Judul : Istanbul, kenangan sebuah kota
Penulis : Orhan Pamuk
Penerjemah : Rahmani Astuti
Penerbit : PT. Serambi Ilmu Semesta
Cetakan : I, edisi baru April 2015
Tebal : 561 hlm
Novel memoar “Istanbul, kenangan sebuah kota” karya Orhan Pamuk dibuka oleh pemandangan Bosphorus dengan kilau airnya. Bosphorus nampaknya memiliki arti tersendiri bagi penulis. Bosphorus yang hampir selalu dibahas pada setiap babnya.

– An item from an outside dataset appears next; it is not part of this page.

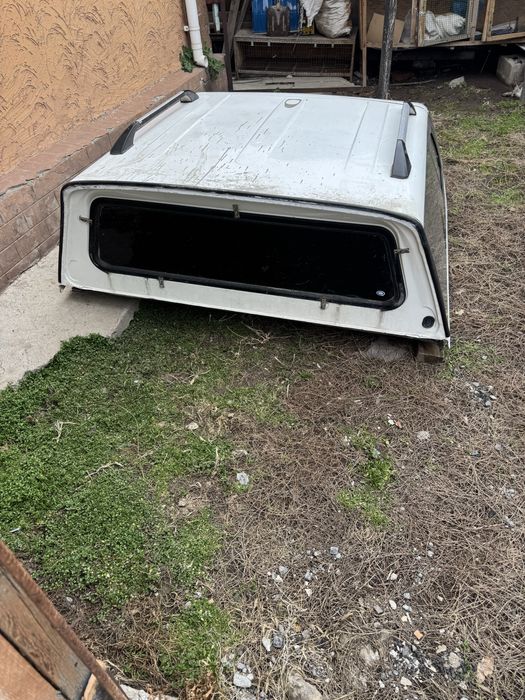 Продам кунг на хайлюкс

Deskripsinya membuat saya bisa membayangkan setiap detailnya. Seakan saya menyaksikan keeksotisannya dan segala misterinya dengan mata kepala sendiri.

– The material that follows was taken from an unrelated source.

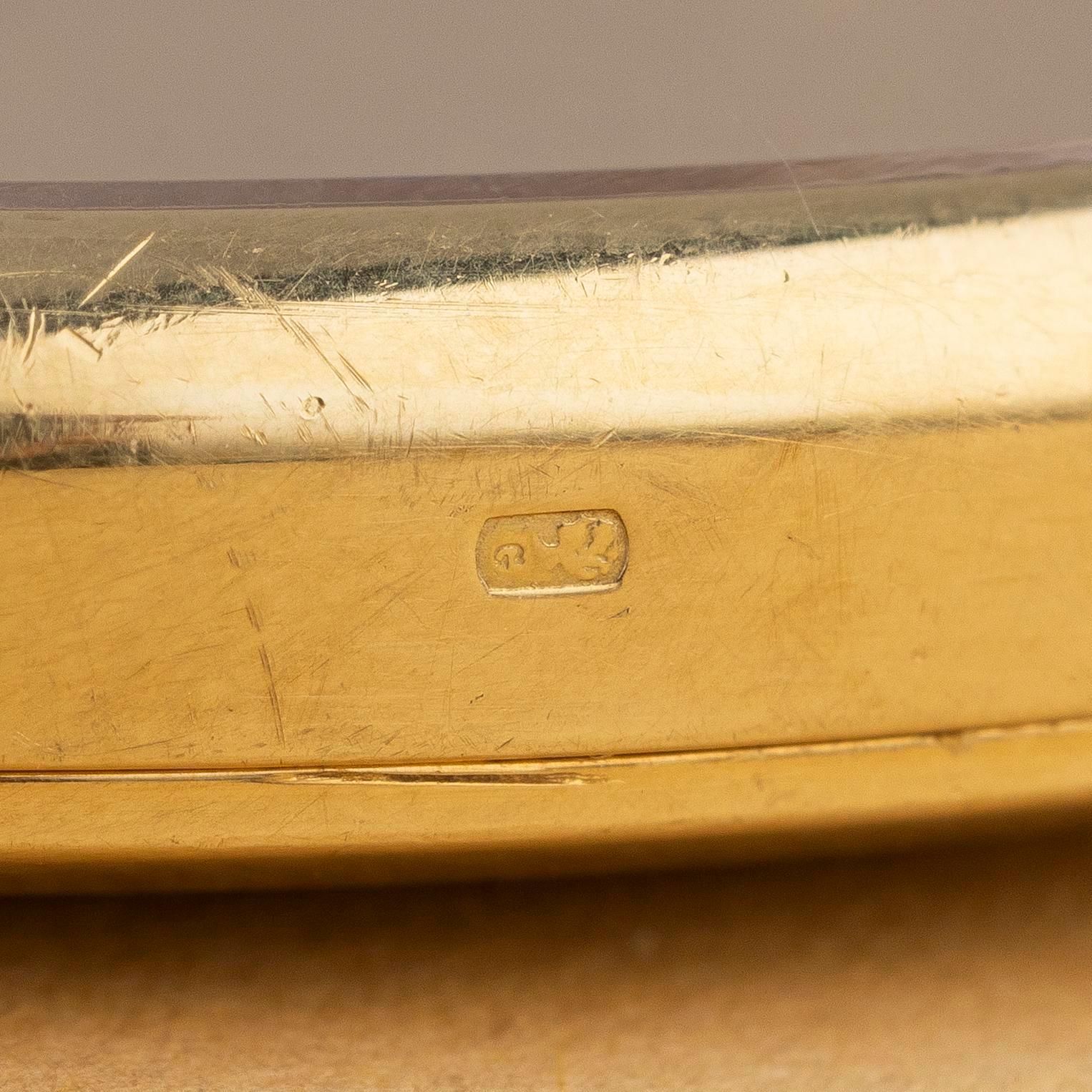 Corum, “Ellipse”, ca 1977.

“Bosphorus adalah kuncinya, jantung geopolitis dunia, dan inilah sebabnya semua negara di dunia dan pasukan militernya, terutama sekali orang-orang Rusia, ingin menguasai Bosphorus kami yang indah.” Hal 306.
Bukan Haghia Sophia yang sudah melekat tentang Turki khususnya Istanbul. Melainkan dari Bosphorus, Orhan mulai menggambarkan kemurungan kotanya. Reruntuhan Byzantium, Konstatinopel hingga menjelma Istanbul. Ibarat sebuah kota yang galau termasuk dalam peringatan 29 Mei 1453. Pembaca jadi mengetahui jika Orang Barat menyebut tanggal tersebut sebagai Kejatuhan Konstatinopel sementara Orang Timur menamainya dengan Penaklukan Istanbul. Suatu hal yang tidak banyak diketahui orang.

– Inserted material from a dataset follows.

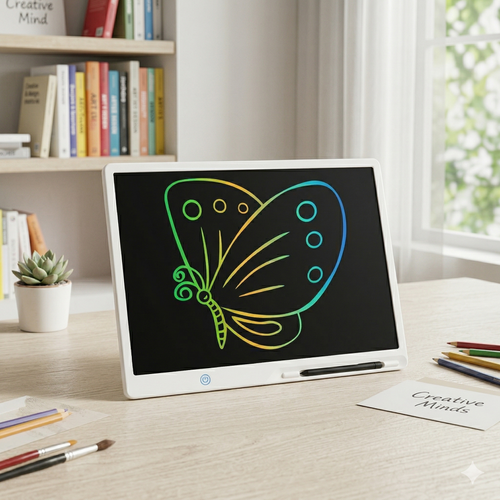 20" Rechargeable LCD Writing Tablet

Membaca novel ini saya berhati-hati. Berbeda ketika saya membaca novel pada umumnya, biasanya saya menggunakan teknik membaca cepat. Pada novel peraih nobel sastra ini, seolah-olah saya tidak ingin ketinggalan memori sang penulis. Dari masa kecilnya, orang tuanya, kisah cinta pertamanya, masa pendidikannya degan jurusan arsitektur, dan tentunya sejarah Istanbul.
Hal yang mengganjal dalam proses membaca di antaranya kalimatnya yang panjang-panjang dan karena terjemahan jadi harus membaca secara utuh. Saya berpikir novel ini kekurangan keindahan bahasa, seperti halnya novel terjemahan lainnya. Kadang ada kalimat yang kurang bisa dimengerti.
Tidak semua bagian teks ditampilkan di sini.